Initially educated to be a minister, Rogers was displeased with the way television addressed children and made an effort to change this when he began to write for and perform on local Pittsburgh-area shows dedicated to youth. WQED developed his own show in 1968 and it was distributed nationwide by Eastern Educational Television Network.
Rogers received the Presidential Medal of Freedom, some forty honorary degrees, and a Peabody Award. He was inducted into the Television Hall of Fame, was recognized by two Congressional resolutions, and was ranked No. 35 among TV Guide's Fifty Greatest TV Stars of All Time.Several buildings and artworks in Pennsylvania are dedicated to his memory, and the Smithsonian Institution displays one of his trademark sweaters as a "Treasure of American History".
Rogers was born in Latrobe, Pennsylvania, 40 miles (65 km) southeast of Pittsburgh, to James and Nancy Rogers; he had one sister, Elaine. Early in life, he spent much of his free time with his maternal grandfather, Fred McFeely, who had an interest in music. He would often sing along as his mother would play the piano, and he himself began playing at five.
Fred Rogers had a life-changing moment when he first saw television in his parents' home. He entered seminary after college; but, after his first experience as a viewer, he wanted to explore the potential of the medium. In an interview with CNN in his later years, Rogers stated, "I went into television because I hated it so, and I thought there's some way of using this fabulous instrument to nurture those who would watch and listen."
In 1994, Rogers created another one-time special for PBS called Fred Rogers' Heroes which consisted of documentary portraits of four real-life people whose work helped make their communities better. Rogers, uncharacteristically dressed in a suit and tie, hosted in wraparound segments which did not use the "Neighborhood" set.

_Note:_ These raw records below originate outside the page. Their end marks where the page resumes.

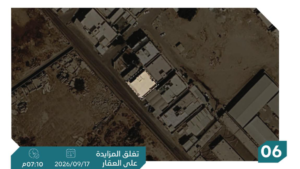 6-فيلا سكنية بحي بحرة بمساحة 400 م² في مدينة جدة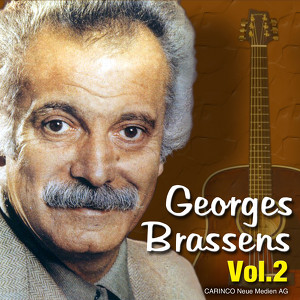 Georges Brassens Volume 2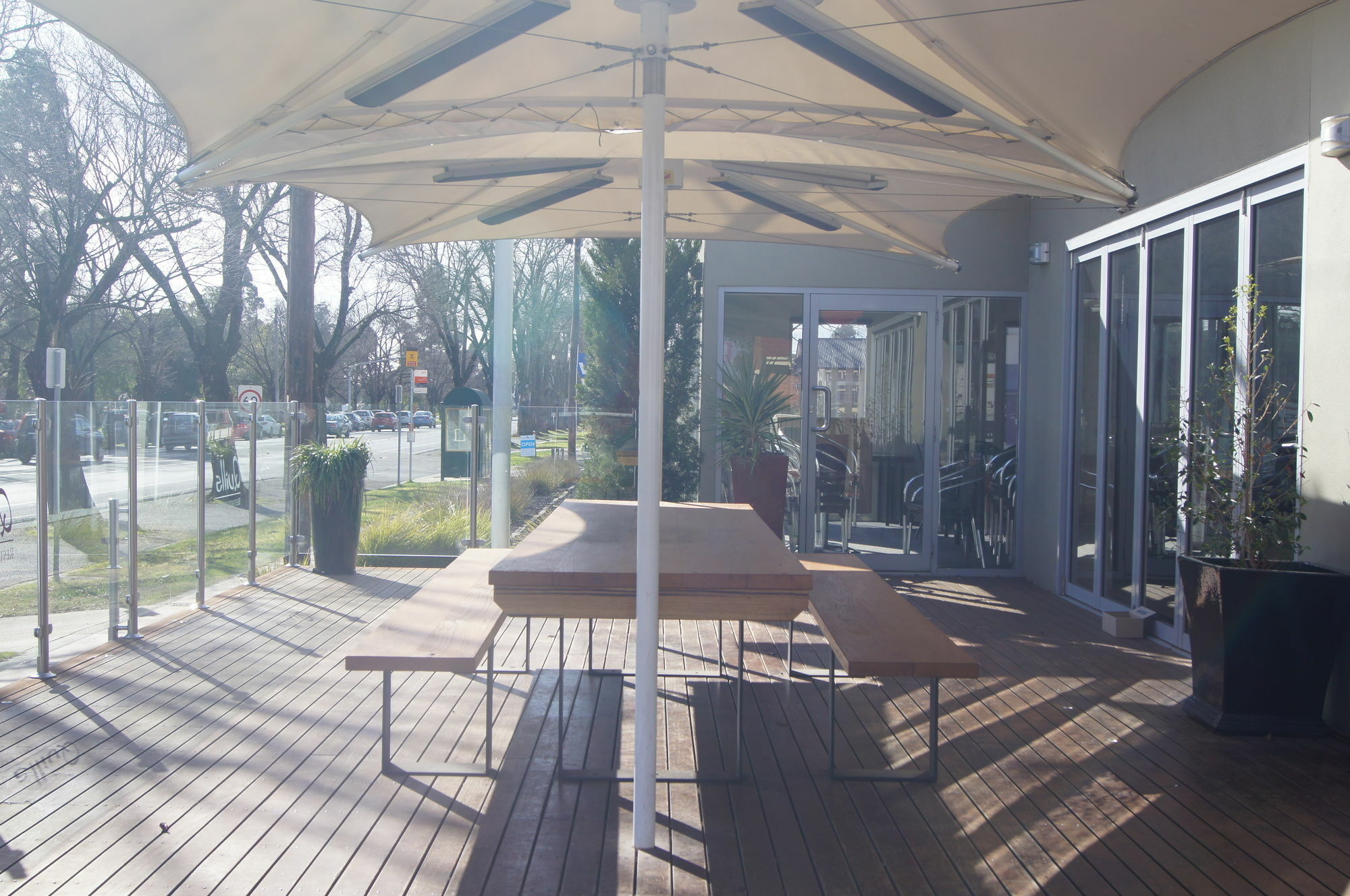Quality Hotel Lakeside Bendigo Exterior foto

For a time, Rogers produced specials for parents as a precursor to the subject of the week on the Neighborhood called "Mister Rogers Talks To Parents About [topic]". Rogers didn't host those specials, but instead, invited news announcers, such as Joan Lunden (who hosted the Conflict special), to take on the emcee duties in front of a gallery of parents while Rogers answered questions from them. These specials were made to prepare parents for questions their children might ask after watching the episodes on the topic of the week.

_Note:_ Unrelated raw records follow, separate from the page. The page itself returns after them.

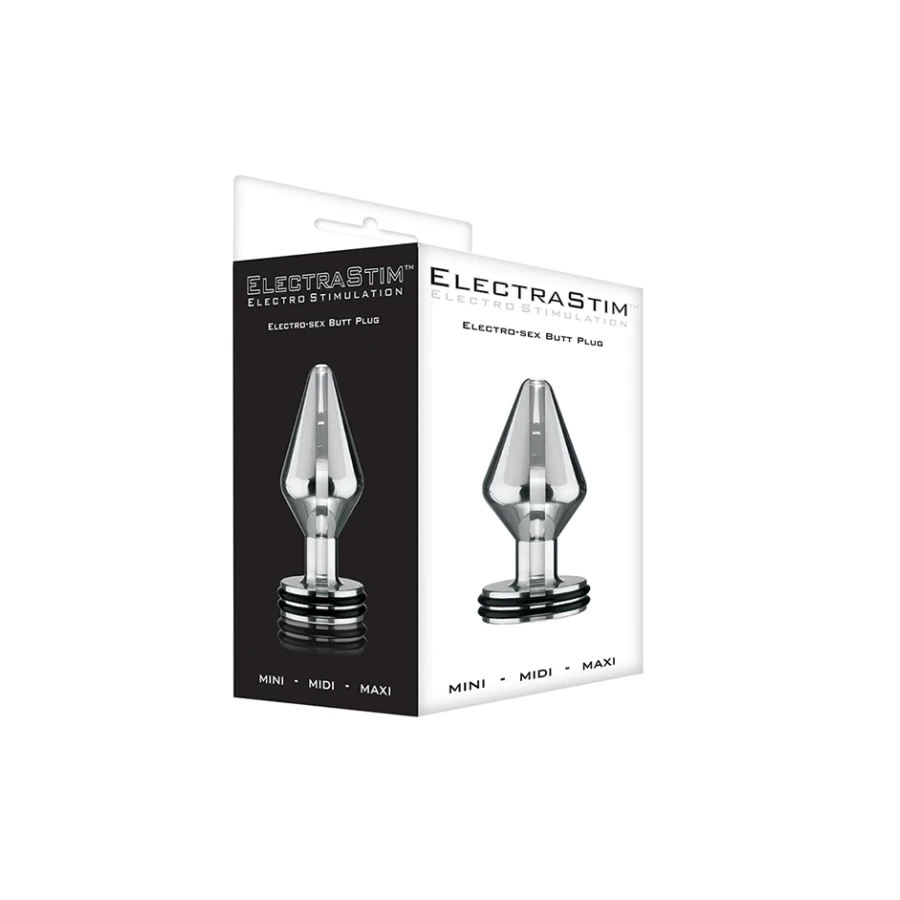 ELECTRASTIM MIDI ELECTRO BUTT ANAALTAPP M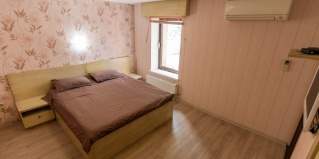 Геленджик: Отель Эльхаус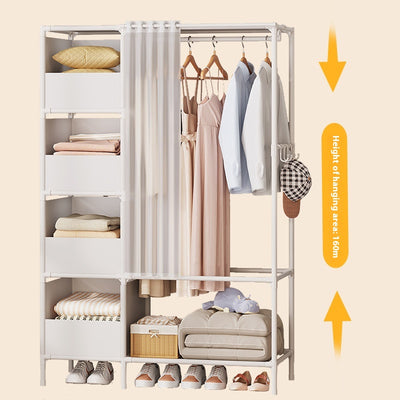 Armario Modular para Dormitorio - Ensamblaje Sencillo - Image 3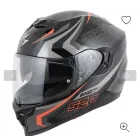Casco integral exo-520 evo air terra [s,m] - Protección y confort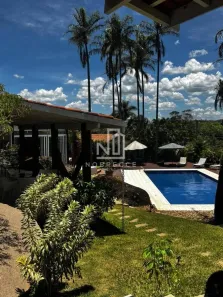 Fazenda/Sítio com 6 Quartos à venda, 550m² no Jardim São Bento do Recreio, Valinhos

On New Year's Day 2004, Michael Keaton, who had been a stagehand on Mister Rogers' Neighborhood before becoming an actor, hosted the PBS TV special Fred Rogers: America's Favorite Neighbor. It was released on DVD September 28 that year.

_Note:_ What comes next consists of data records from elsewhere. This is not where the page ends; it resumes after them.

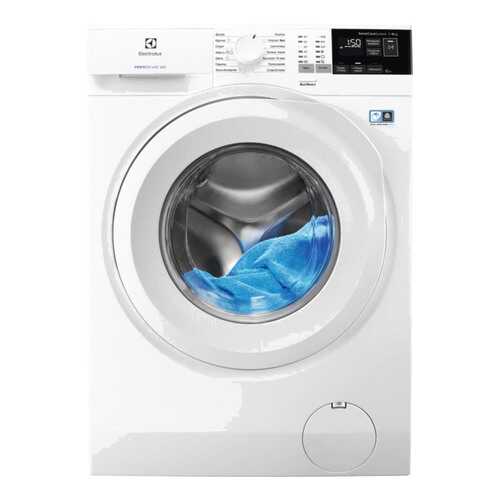 Стиральная машина Electrolux EW6F4R28WU в Ситилинк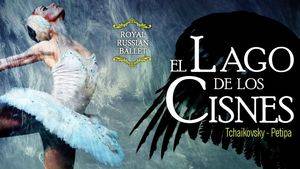 El Royal Russian Ballet interpreta El lago de los cisnes, en El Escorial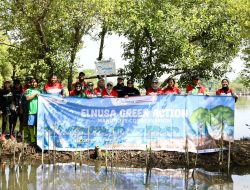 Tekan Emisi Karbon, Elnusa Lakukan Berbagai Langkah Green Action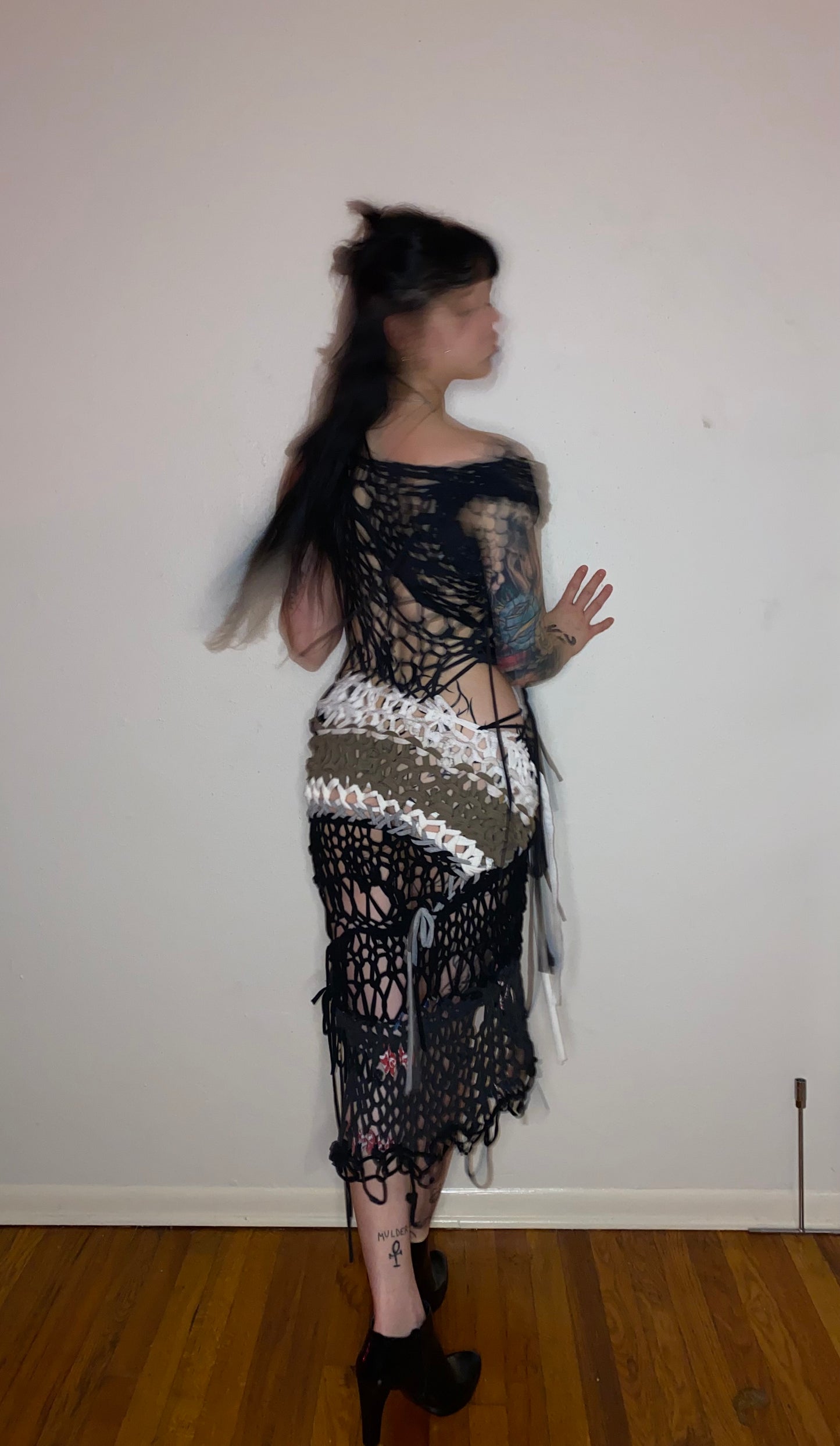 Heaven Meets Earth Dress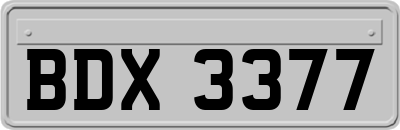 BDX3377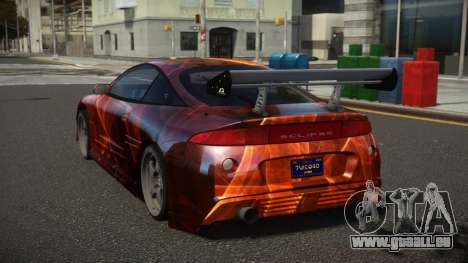 Mitsubishi Eclipse V-Sport S3 pour GTA 4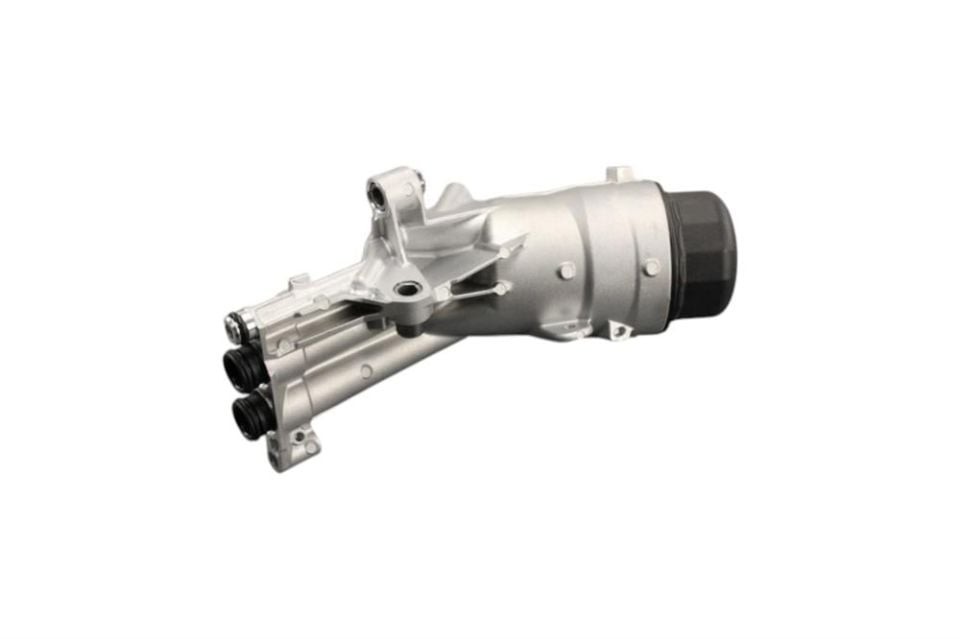 Yağ Filtre Adaptörü Komple-Lr097160-Jde39603 (Jaguar)-2.0 Dizel/Range Rover Sport-Range Rover Velar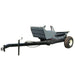 Trac Vac Rock Picker Hydraulic Pull Type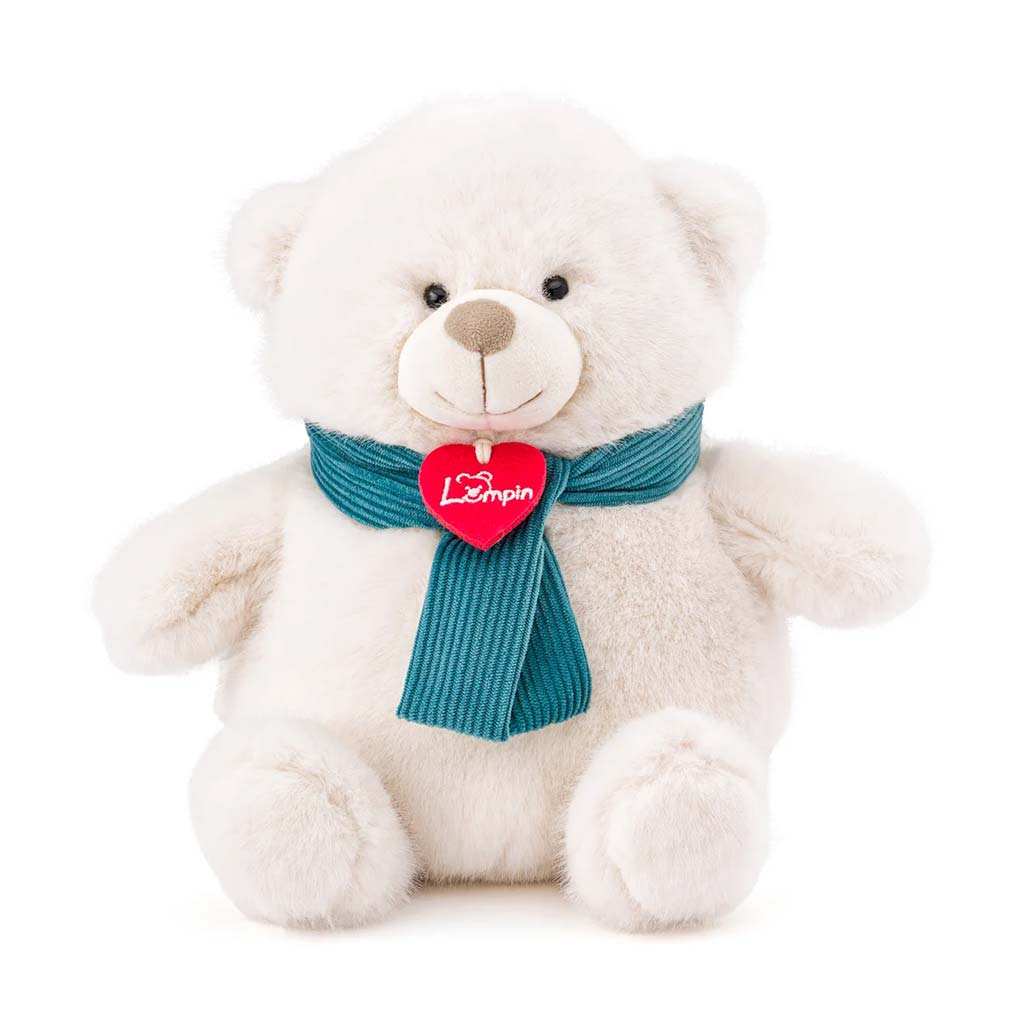 imagen de Malvin oso de peluche regordete 24cm - Lumpin 1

To mark what would have been his 80th birthday, Rogers' production company sponsored several events to memorialize him, including "Won't You Wear a Sweater Day", during which fans and neighbors were asked to wear their favorite sweaters in celebration. The event takes place annually on his birthday, March 20.
Rogers received the Ralph Lowell Award in 1975. The television industry honored Rogers with a George Foster Peabody Award "in recognition of 25 years of beautiful days in the neighborhood" in 1992; previously, he had shared a Peabody award for Mister Rogers' Neighborhood in 1968. Also in 1992, he was initiated as an honorary member of Phi Mu Alpha Sinfonia Fraternity, the national fraternity for men of music.
Rogers was a National Patron of Delta Omicron, an international professional music fraternity. He was inducted into the Television Hall of Fame in 1999. One of Rogers' iconic sweaters was acquired by the Smithsonian Institution, which displays it as a "Treasure of American History". In 2002, Rogers received the PNC Commonwealth Award in Mass Communications.